PROBLEM:
Return the records exactly as they stand, and keep the pictures out of the copy.

::::

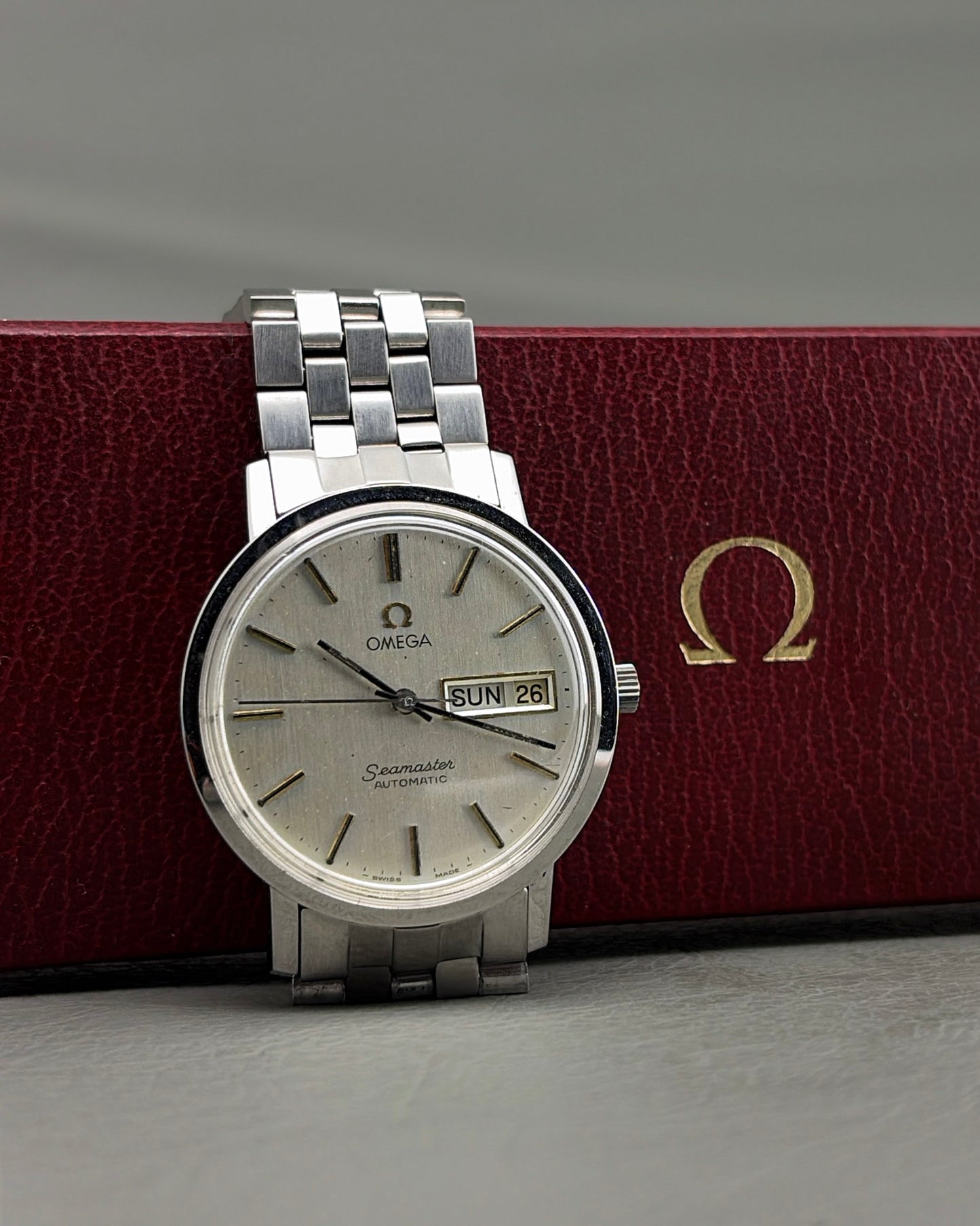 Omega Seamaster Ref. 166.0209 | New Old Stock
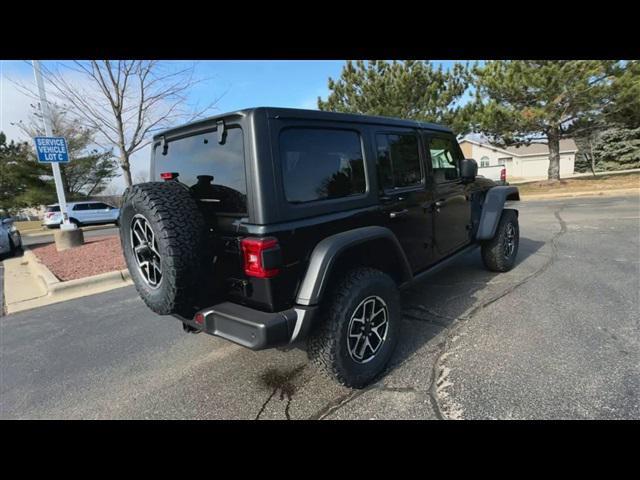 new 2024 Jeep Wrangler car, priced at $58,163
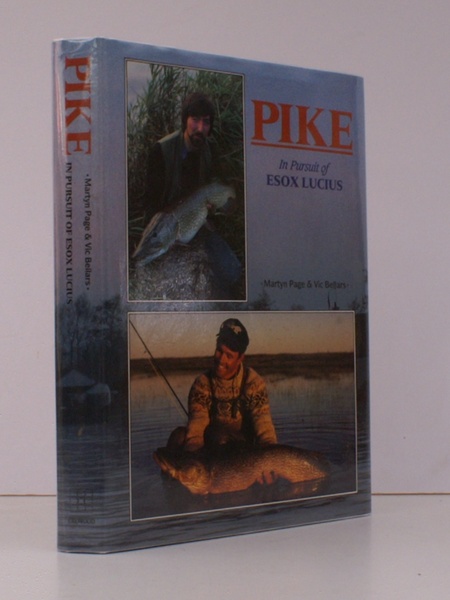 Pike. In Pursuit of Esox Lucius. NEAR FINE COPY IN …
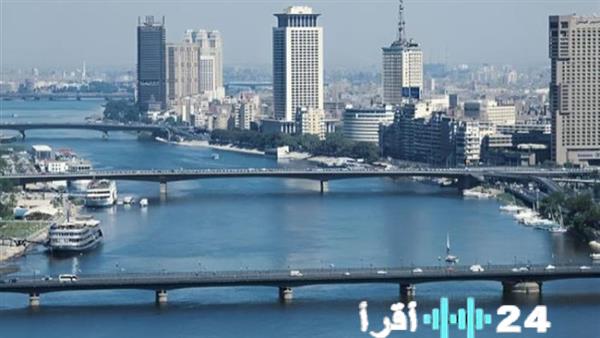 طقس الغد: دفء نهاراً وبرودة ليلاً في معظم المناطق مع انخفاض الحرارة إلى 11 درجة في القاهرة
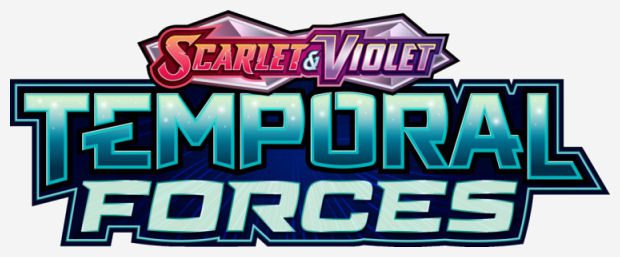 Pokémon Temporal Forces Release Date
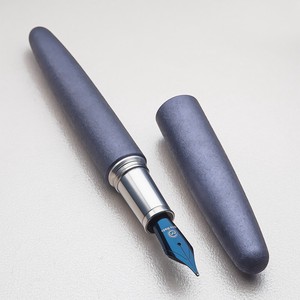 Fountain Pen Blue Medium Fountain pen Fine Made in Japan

::::

RESPONSE TO THE EXERCISE:
 Omega Seamaster Ref. 166.0209 | New Old Stock
 new 2024 Jeep Wrangler car, priced at $58,163
 Pike. In Pursuit of Esox Lucius. NEAR FINE COPY IN …
 طقس الغد: دفء نهاراً وبرودة ليلاً في معظم المناطق مع انخفاض الحرارة إلى 11 درجة في القاهرة
 Pokémon Temporal Forces Release Date
 Fountain Pen Blue Medium Fountain pen Fine Made in Japan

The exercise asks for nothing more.